● RECORD SET
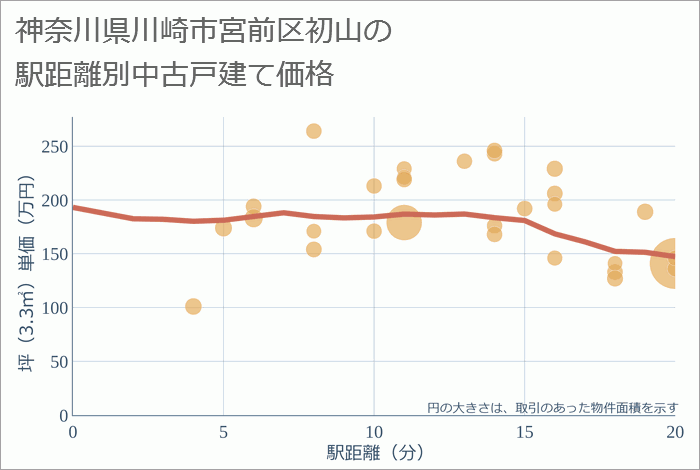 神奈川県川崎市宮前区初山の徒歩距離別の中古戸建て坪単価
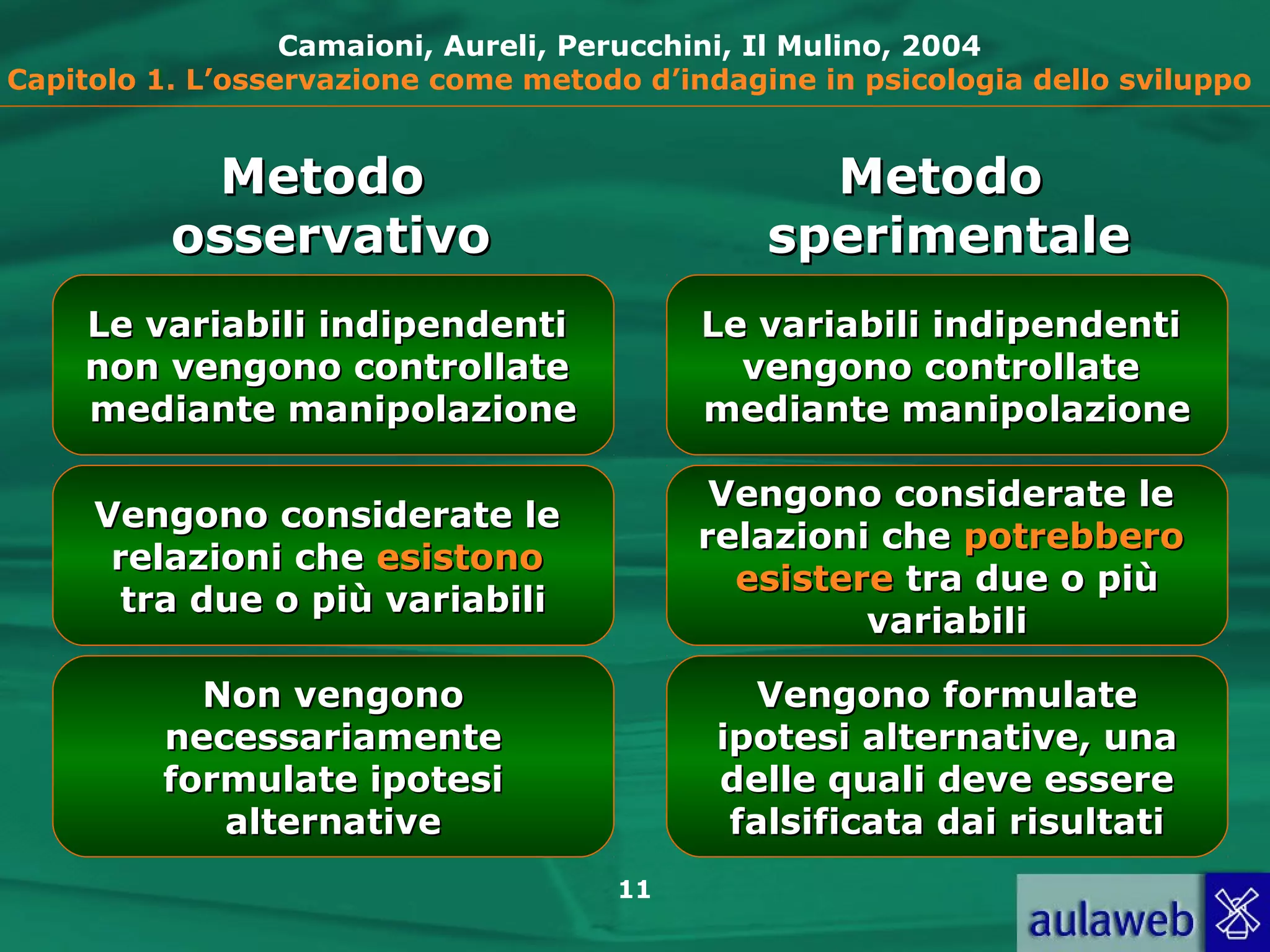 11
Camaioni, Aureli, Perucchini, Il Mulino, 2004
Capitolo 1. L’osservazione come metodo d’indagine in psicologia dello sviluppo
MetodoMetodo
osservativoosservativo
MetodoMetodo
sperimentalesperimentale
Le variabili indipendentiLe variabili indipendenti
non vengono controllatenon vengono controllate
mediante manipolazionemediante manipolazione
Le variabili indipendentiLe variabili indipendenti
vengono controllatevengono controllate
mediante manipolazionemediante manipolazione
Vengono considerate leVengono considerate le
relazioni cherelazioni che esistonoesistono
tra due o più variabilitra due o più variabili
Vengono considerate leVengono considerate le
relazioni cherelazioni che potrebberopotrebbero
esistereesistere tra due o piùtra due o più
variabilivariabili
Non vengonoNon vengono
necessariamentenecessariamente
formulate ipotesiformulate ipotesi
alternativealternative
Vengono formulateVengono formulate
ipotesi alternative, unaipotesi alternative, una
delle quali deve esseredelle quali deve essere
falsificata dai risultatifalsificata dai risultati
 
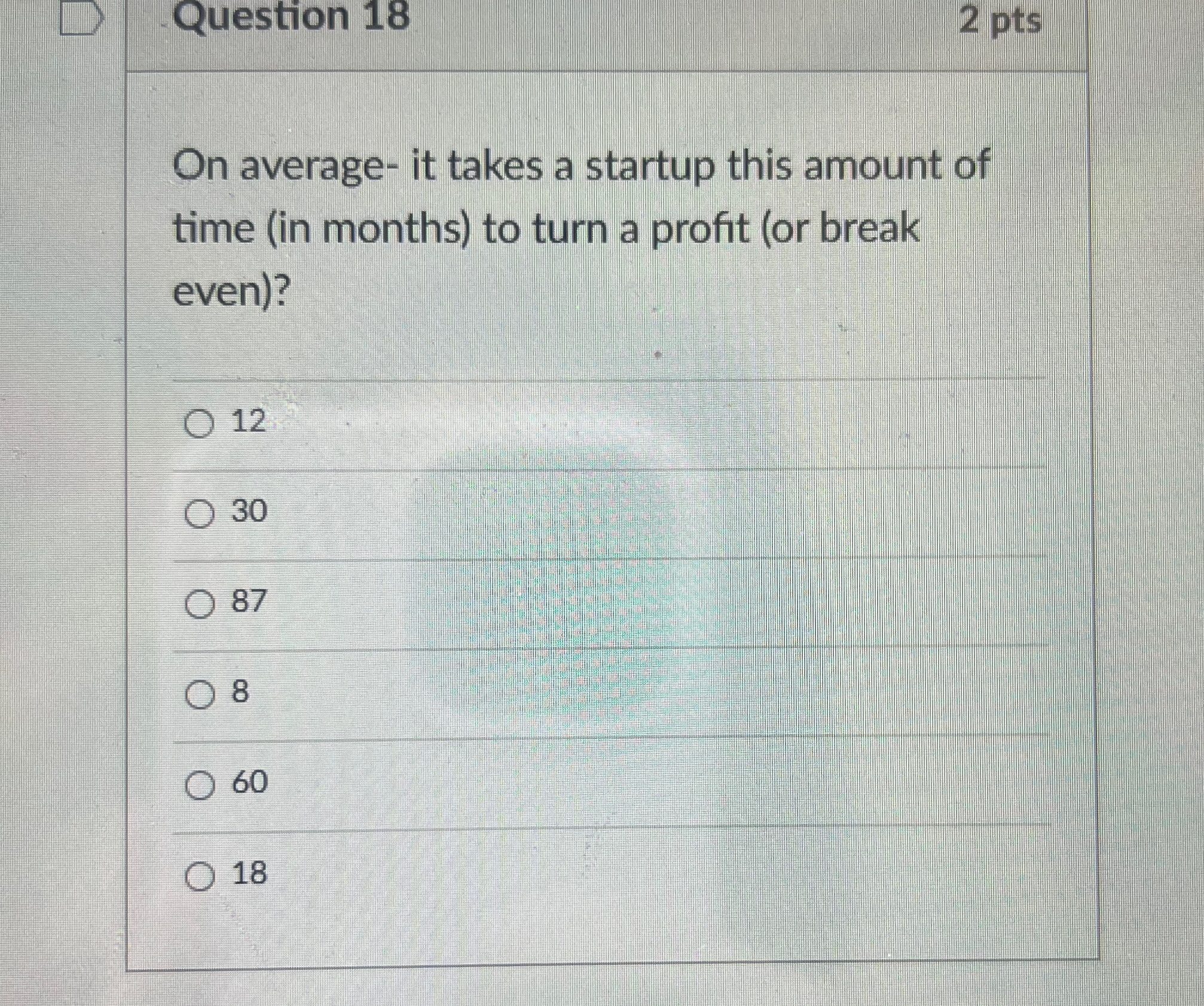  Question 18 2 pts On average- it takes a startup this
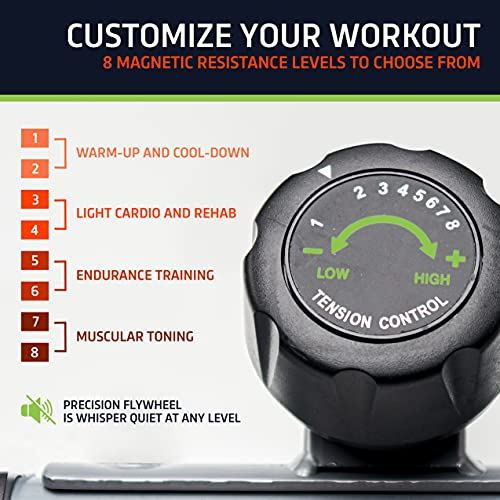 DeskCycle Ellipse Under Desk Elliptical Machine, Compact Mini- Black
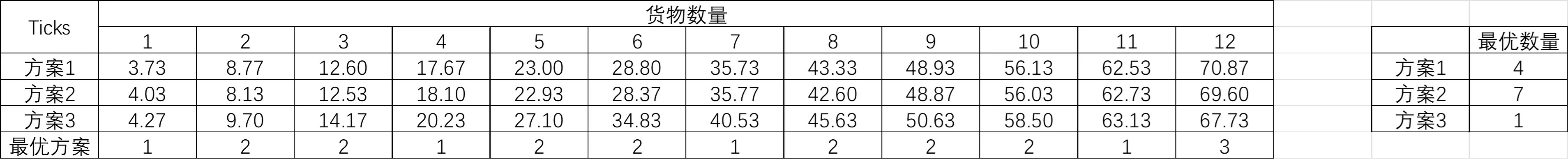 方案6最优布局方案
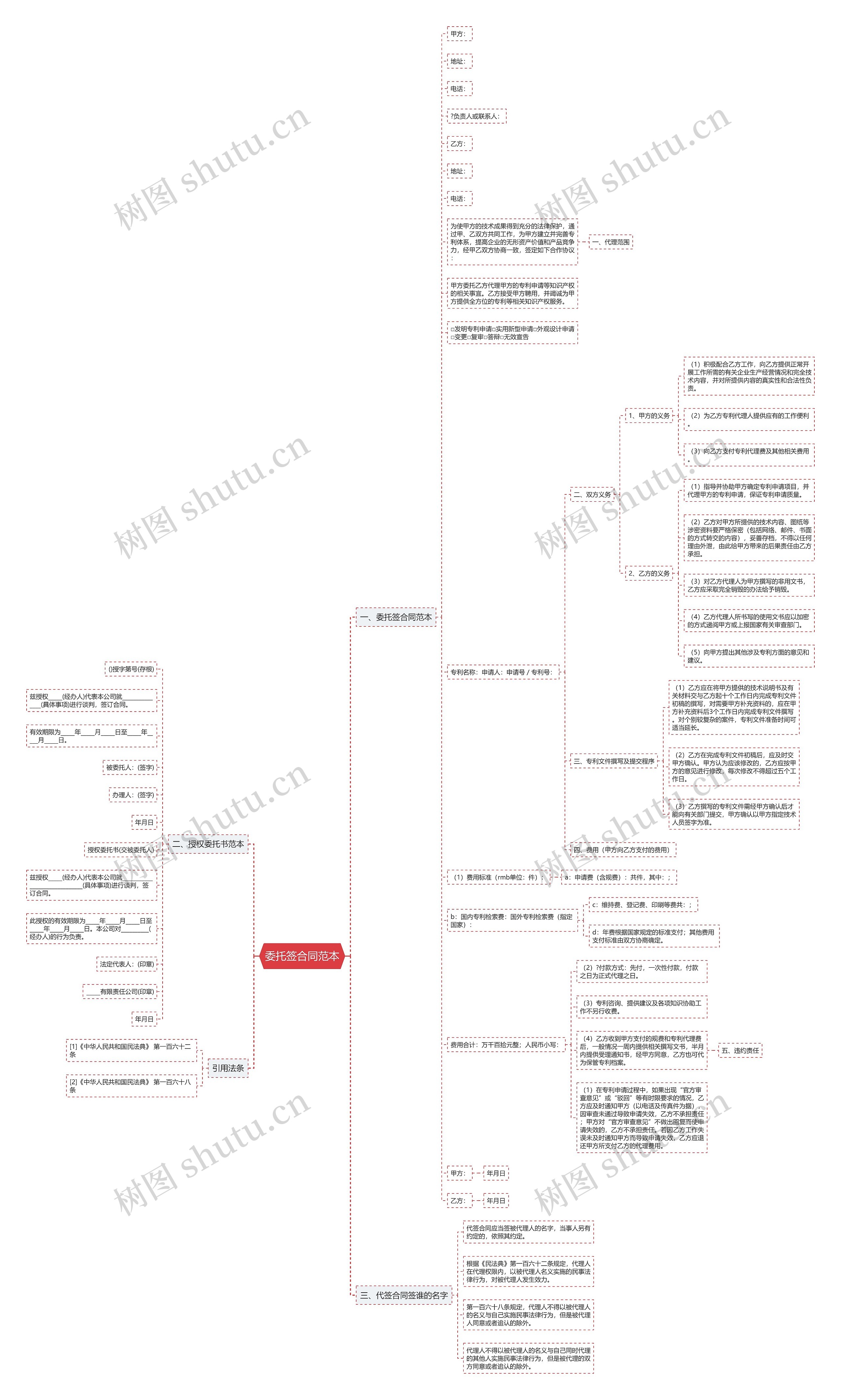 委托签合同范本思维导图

● WHAT THIS TASK INVOLVES
Would you copy, unchanged, the stretch of the records above that begins at the line containing "relazioni cherelazioni che potrebberopotrebbero" and ends at the line containing "Vengono formulateVengono formulate", and only that?

● SOLUTION
relazioni cherelazioni che potrebberopotrebbero
esistereesistere tra due o piùtra due o più
variabilivariabili
Non vengonoNon vengono
necessariamentenecessariamente
formulate ipotesiformulate ipotesi
alternativealternative
Vengono formulateVengono formulate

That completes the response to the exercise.